Now, we jump over to Yeshua as he stands before Caiaphas the high priest, and it is said of Yeshua:
He (Caiaphas) did not say this of his own accord, but being high priest that year he prophesied that Jesus would die for the nation, and not for the nation only, but also to gather into one the children of God who are scattered abroad. (John 11:51-52 ESV)
So, again, here we have those scattered abroad being referred to as the children of God being brought into one, just as Hosea and Ezekiel promised. The Messiah had come to first save those lost sheep, gathering from among the scattered tribes those that would be brought back as the children of God into one kingdom under the Shepherd.
And of course, to make sure you do not misunderstand this as to say only those of the houses of Israel and Judah would be called children of God, we know from the opening remarks in John, that after Yeshua came to his own, and was rejected in the end, that this grace was granted to others.
He came to his own, and his own people did not receive him. But to all who did receive him, who believed in his name, he gave the right to become children of God, who were born, not of blood nor of the will of the flesh nor of the will of man, but of God. (John 1:11-13 ESV)
These non-bloodline born people, who believed in Messiah, were brought in and given the right to become the children of God. They were not in any way born with that right as the tribes were, but they were born from and through the grace and power of Yahweh, and granted the right to be brought into the same fold with the children of God.
So, to bring all of this to a close, hopefully you can see how the story of the prodigal son is not a story about any and all repentant sinners who come to God. It is in fact the story of two nations and the Father. It is a piece of the final chapter of a long story and promises made long beforehand.
Both nations, represented by two sons, start under the Father's care, in covenant with him. One nation is separated, scattered among the pagans, losing all of their covenant rights, and considered dead and in the world of darkness.
The plan is to bring those scattered people back together under the Father once again. This is only done when the Father takes action, sending himself in to do the job, taking on the humiliation, becoming a man, the Messiah, and going forth to seek and save those which were lost.
The other nation was never separated or scattered like that, yet they had hostility towards the plans of the Father, and therefore they despised the plans of the Son, and rejected him as their Messiah. Like the older son, they were greatly angered by the Father for what he was doing in allowing this sinful nation to come back and be restored on equal footing with them.
They refused fellowship with the nations being received back in, treating them as outcasts, and they rebelled against the plan of Yahweh, which in the end cost them their right to be children, and they were cast out and utterly destroyed along with their house and system of worship.

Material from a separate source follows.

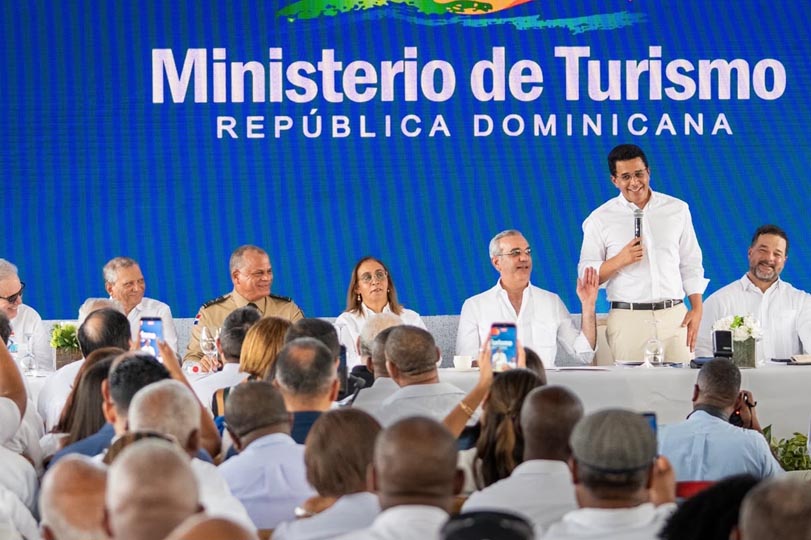 Abinader y Collado inauguran bulevar de la Salud en Haina con inversión de 165 millones de pesos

While the story of the prodigal son does show the extent of love and mercy that the Father has and bestows even to us today as former aliens to his covenant, the story must be first understood as the story relating to the promises of Hosea and Ezekiel, and the bringing together two kingdoms back into one, under one Shepherd.
In accomplishing this, Yeshua then becomes the all-in-all, fulfilling all that the tribes never could, and thus receiving in himself the promises that were given beforehand to the covenant people. He has inherited all that the Father has promised, becoming the light of the world, and bringing reconciliation to any from the nations of the world who turn to him. Amen.